From Examples 14 to 17, when the mass ratio of the content of the acid group-containing non-silicone resin to the content of the silicone compound in the composition for forming a release layer is 1 to 30, the release property and solvent resistance are improved. I found it to be excellent.

In Example 16, the mass ratio of the content of the silicone compound to the content of the carbodiimide compound in the composition for forming a release layer was 0.1 or more, so compared to Example 17, the solvent resistance was excellent. I understand.
In Example 14, the mass ratio of the content of the silicone compound to the content of the carbodiimide compound in the composition for forming a release layer was 10 or more, so it was found that the release property was excellent compared to Example 15. .
From Examples 1, 2, 9, 10, 12, and 13, when the content of the carbodiimide compound in the composition for forming a release layer is 9% by mass or more, the solvent resistance It was found to be superior in terms of gender.
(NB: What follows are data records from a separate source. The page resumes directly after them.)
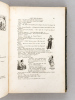Le Prisme. Encyclopédie Morale du XIXe siècle. Collectif ; GAVARNI ; MONNIER, Henri ; DAUMIER ; GRANDVILLE ; MEISSONIER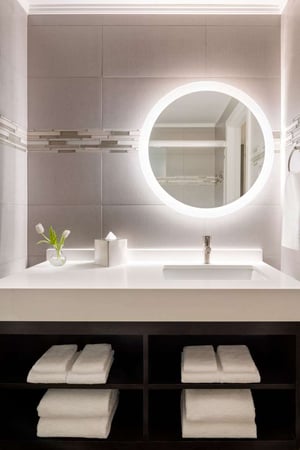 Images Martinique New York on Broadway, Curio Collection by Hilton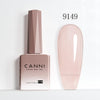 Gel pour ongles couleur 9 ml - CC7 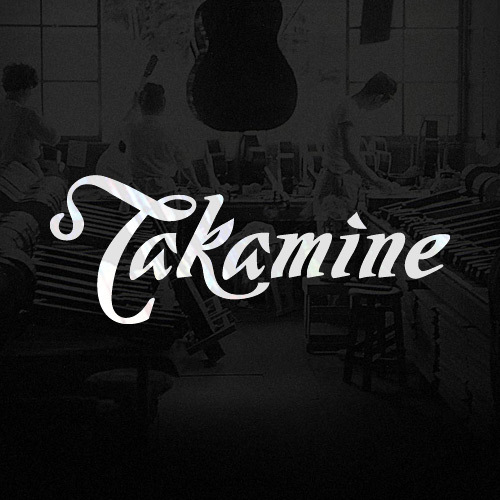 Takamine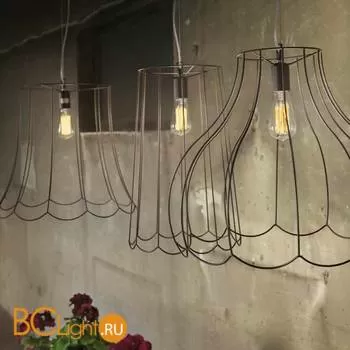 Подвесной светильник Karman Lucilla SE650VN - Фото 1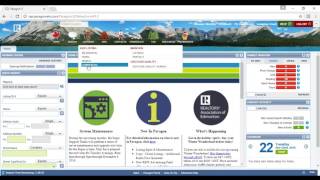 Listing Input and Maintenance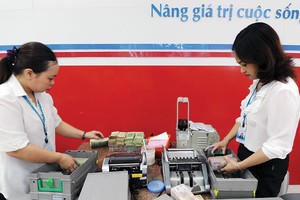 Áp dụng tiêu chuẩn Basel II sẽ giúp các ngân hàng nâng cao năng lực quản trị rủi ro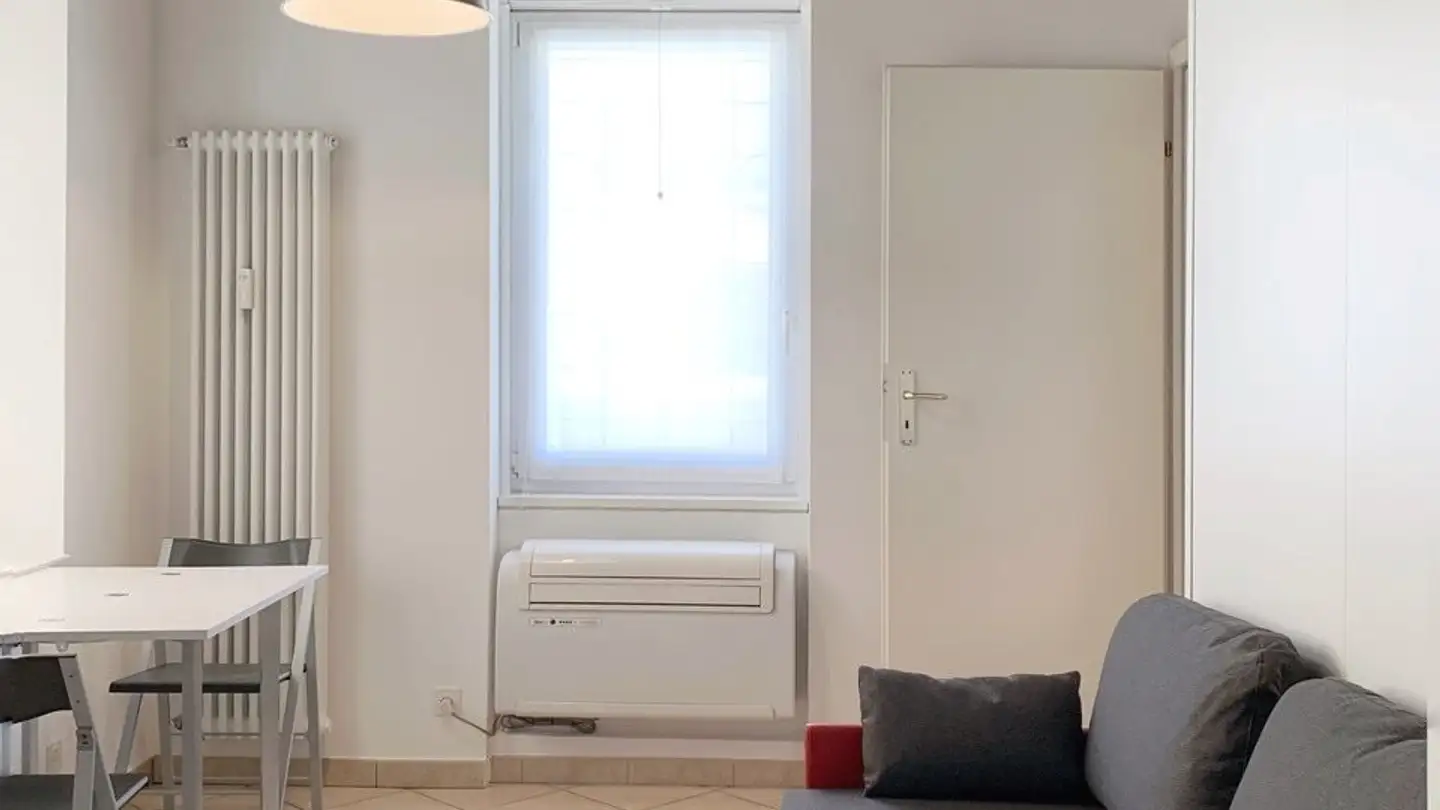 Wohnung mieten - Via Tomaso E Giacomo Rodari 4, 6817 Maroggia - Foto 2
It was found that in Examples 1 and 19, since the particle-containing layer contained a non-polyester resin, the occurrence of uneven defects was suppressed compared to Example 18.

Claims (12)

including a polyester base material and a release layer,
A release film, wherein the release layer is formed by crosslinking a composition containing a silicone compound and a carbodiimide compound, and satisfies at least one of Conditions 1 and 2 below.
Condition 1: The silicone compound contains an acid group.
Condition 2: The composition further contains at least one acid group-containing non-silicone resin selected from the group consisting of acid group-containing urethane resins and acid group-containing olefin resins. The release film according to claim 1, which is used for producing ceramic green sheets. 3. The release film of claim 1 or claim 2, wherein the polyester substrate is substantially free of particles. The composition further contains the acid group-containing non-silicone resin,
The release film according to any one of claims 1 to 3, wherein a mass ratio of the content of the acid group-containing non-silicone resin to the content of the silicone compound in the composition is 1 to 30. . The release film according to any one of claims 1 to 4, wherein a mass ratio of the content of the silicone compound to the content of the carbodiimide compound in the composition is 0.1 to 10. The release film according to any one of claims 1 to 5, wherein the release layer has a thickness of 0.001 μm to 0.2 μm. further comprising a particle-containing layer;
The release film according to any one of claims 1 to 6, comprising the release layer, the polyester base material, and the particle-containing layer in this order. The release film according to claim 7, wherein the particle-containing layer contains a non-polyester resin. The release film according to claim 8, wherein the non-polyester resin is at least one resin selected from the group consisting of acrylic resin, urethane resin, and olefin resin. A method for producing a release film comprising a polyester base material and a release layer,
A method for producing a release film, comprising the step of forming a release layer using a release layer forming composition containing a silicone compound and a carbodiimide compound. According to claim 10, the step of forming the release layer is a step of applying the release layer forming composition to one side of an unstretched polyester film or a uniaxially stretched polyester film to form a release layer. A method for producing a release film. A laminate comprising the release film according to any one of claims 1 to 9 and a layer containing ceramic.